## Goal of the exercise
Would you retype the whole listing verbatim, keeping pictures out of it?

## Source material
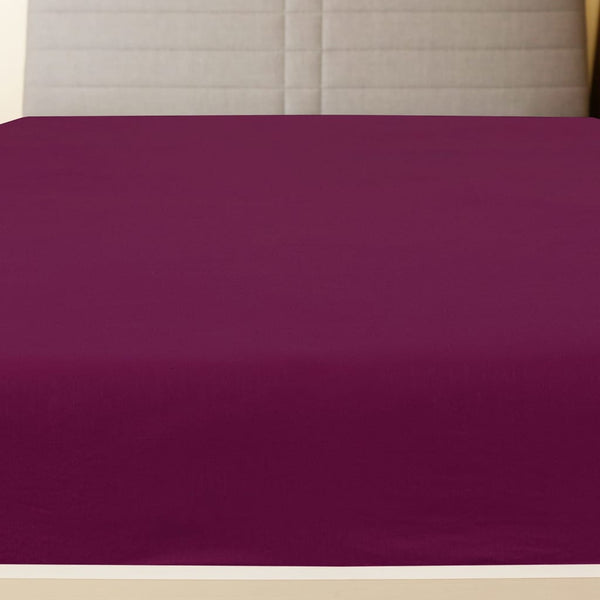vidaXL Fitted Sheets 2 pcs. Jersey Burgundy 180x200 cm Cotton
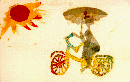 Post card collage of an old lady riding a bike & carrying an umbrella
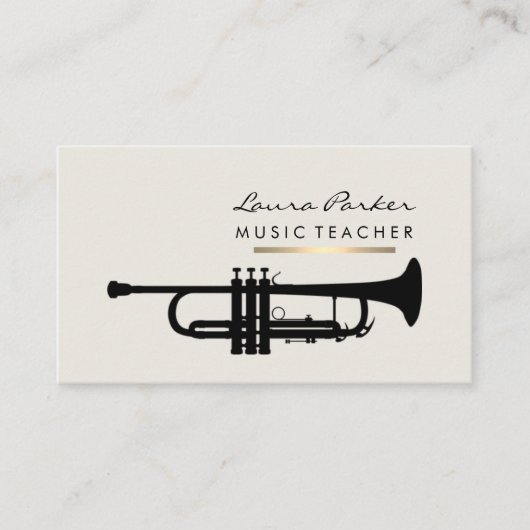 ミュージシャンの音楽の先生のトランペットの楽器の金ゴールド 名刺 (正面)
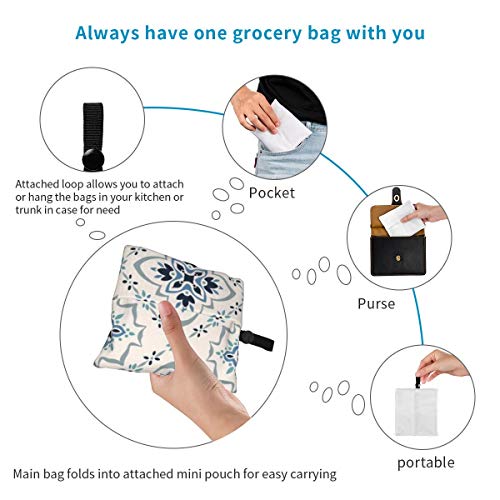 Bolsas de supermercado reutilizables Patrón Talavera Portugal Ornamento Turco Mosaico Azulejo Marroquí Lavable Impermeable Ligero 25X15 pulgadas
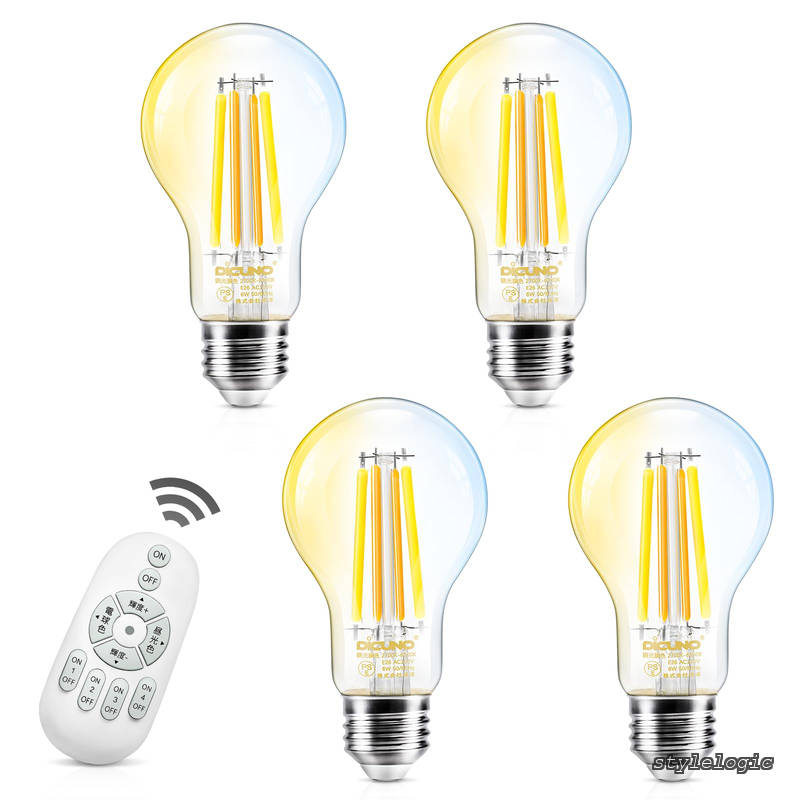 Rakuten - 【送料無料】LED電球 E26口金 60W形相当 フィラメント電球 6W 800lm 調光 調色 リモコン付き 電球色 昼白色 昼光色 常夜灯 全方向タイプ 遠隔操作 エジソン クリアタイプ 省エネ PSE認証済み A60 4個入（電池別売）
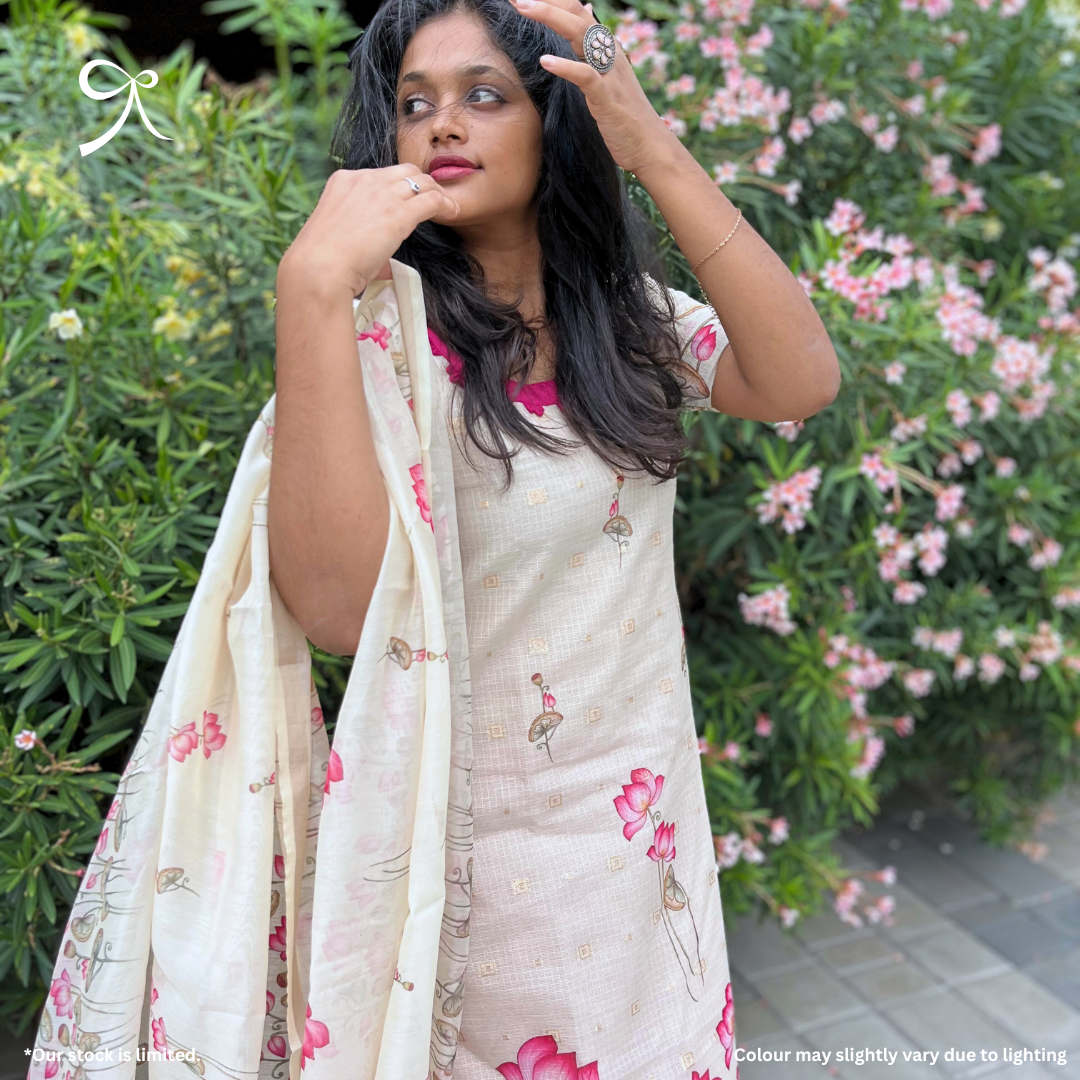 Beige & Pink Lotus Pichwai Kota Cotton Suit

## Exercise answer
vidaXL Fitted Sheets 2 pcs. Jersey Burgundy 180x200 cm Cotton
 Post card collage of an old lady riding a bike & carrying an umbrella
 ミュージシャンの音楽の先生のトランペットの楽器の金ゴールド 名刺 (正面)
 Bolsas de supermercado reutilizables Patrón Talavera Portugal Ornamento Turco Mosaico Azulejo Marroquí Lavable Impermeable Ligero 25X15 pulgadas
 Rakuten - 【送料無料】LED電球 E26口金 60W形相当 フィラメント電球 6W 800lm 調光 調色 リモコン付き 電球色 昼白色 昼光色 常夜灯 全方向タイプ 遠隔操作 エジソン クリアタイプ 省エネ PSE認証済み A60 4個入（電池別売）
 Beige & Pink Lotus Pichwai Kota Cotton Suit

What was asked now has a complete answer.